Als Leihmutter kann eine volljährige, geschäftsfähige Frau sein, vorbehaltlich der Verfügbarkeit eines eigenen, gesunden und genetisch verwandten Kindes. Vor einem Verfahren des Embryotransfers gibt die Frau ihre schriftliche Zustimmung zur Teilnahme an dem Programm und macht die vollständige medizinische Untersuchung durch. Bei Abwesenheit der medizinischen Kontraindikationen beginnt der Arzt, ihren Körper zum Embryotransfer vorzubereiten.


Algorithmus der Durchführung der assistierten Reproduktionstechnik unter Zuhilfenahme der Leihmutterschaft

  • Auswahl einer Leihmutter;
  • Synchronisation der Menstruationszyklen der Rezipientin (Auftraggeberin oder Eizellenspenderin) und der Leihmutter, Vorbereitung der Embryonen für Transfer;
  • Übertragung der Embryonen in die Gebärmutterhöhle der Leihmutter;
  • Diagnostik, Schwangerschaftsvorsorge und Entbindung.

Gemäß dem Artikel 123 des Familiengesetzbuches der Ukraine hat die Leihmutter nach der Geburt des Kindes keine Rechte auf dieses Kind. Nach der Entbindung ist sie nicht berechtigt, auf irgendwelche Weise mit dem Kind zu kontaktieren.
 


Die Auflistung der Dokumente seitens der Leihmutter, erforderlich für die Teilnahme am Leihmutterschaftsprogramm

  • schriftliche Zustimmung zur Beteiligung am Programm der Leihmutterschaft;
  • Kopie des Inlandspasses;
  • Kopie der Heirats- bzw.

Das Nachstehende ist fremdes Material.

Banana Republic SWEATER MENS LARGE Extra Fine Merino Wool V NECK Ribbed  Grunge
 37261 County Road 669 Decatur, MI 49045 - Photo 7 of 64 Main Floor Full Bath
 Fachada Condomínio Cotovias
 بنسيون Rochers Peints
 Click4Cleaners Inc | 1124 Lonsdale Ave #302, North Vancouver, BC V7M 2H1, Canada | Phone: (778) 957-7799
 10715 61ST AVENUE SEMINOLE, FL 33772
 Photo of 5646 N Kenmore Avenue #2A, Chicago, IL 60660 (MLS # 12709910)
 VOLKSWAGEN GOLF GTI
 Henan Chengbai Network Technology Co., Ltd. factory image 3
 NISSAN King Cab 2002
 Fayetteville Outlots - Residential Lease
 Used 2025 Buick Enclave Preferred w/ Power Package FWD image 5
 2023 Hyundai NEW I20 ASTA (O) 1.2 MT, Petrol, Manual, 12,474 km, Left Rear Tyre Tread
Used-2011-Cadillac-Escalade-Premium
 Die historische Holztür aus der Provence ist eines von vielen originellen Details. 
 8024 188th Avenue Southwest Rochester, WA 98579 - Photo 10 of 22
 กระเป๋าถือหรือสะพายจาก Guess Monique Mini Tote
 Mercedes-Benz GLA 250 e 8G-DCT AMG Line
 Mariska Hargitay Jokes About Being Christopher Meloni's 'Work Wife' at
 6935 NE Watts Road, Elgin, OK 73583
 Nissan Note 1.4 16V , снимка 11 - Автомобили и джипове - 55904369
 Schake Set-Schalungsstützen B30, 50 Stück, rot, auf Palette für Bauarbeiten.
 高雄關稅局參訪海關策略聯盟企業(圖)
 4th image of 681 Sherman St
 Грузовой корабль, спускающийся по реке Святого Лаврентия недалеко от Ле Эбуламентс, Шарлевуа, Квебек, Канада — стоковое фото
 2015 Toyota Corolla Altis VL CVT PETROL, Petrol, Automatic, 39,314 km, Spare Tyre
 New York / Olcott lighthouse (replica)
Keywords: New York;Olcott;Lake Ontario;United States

Ehescheidungsurkunde (mit Ausnahme der Frauen, die nicht verheiratet waren);
  • Kopie der Geburtsurkunde des Kindes (Kinder);
  • Wenn es bei der Leihmutter eine offiziell registrierte Ehe besteht, wird eine schriftliche, notariell beglaubigte Zustimmung ihres Ehemannes zur Teilnahme seiner Ehefrau an diesem Programm benötigt.


Die Auflistung der Dokumente seitens der Auftraggeber, erforderlich für die Teilnahme am Leihmutterschaftsprogramm

  • schriftliche Zustimmung zur Anwendung assistierter Reproduktionstechniken;
  • Kopie des Passes;
  • notariell beglaubigte Kopie des schriftlichen Rahmenvertrages zwischen der Leihmutter und der Frau (dem Mann) / dem Ehepaar.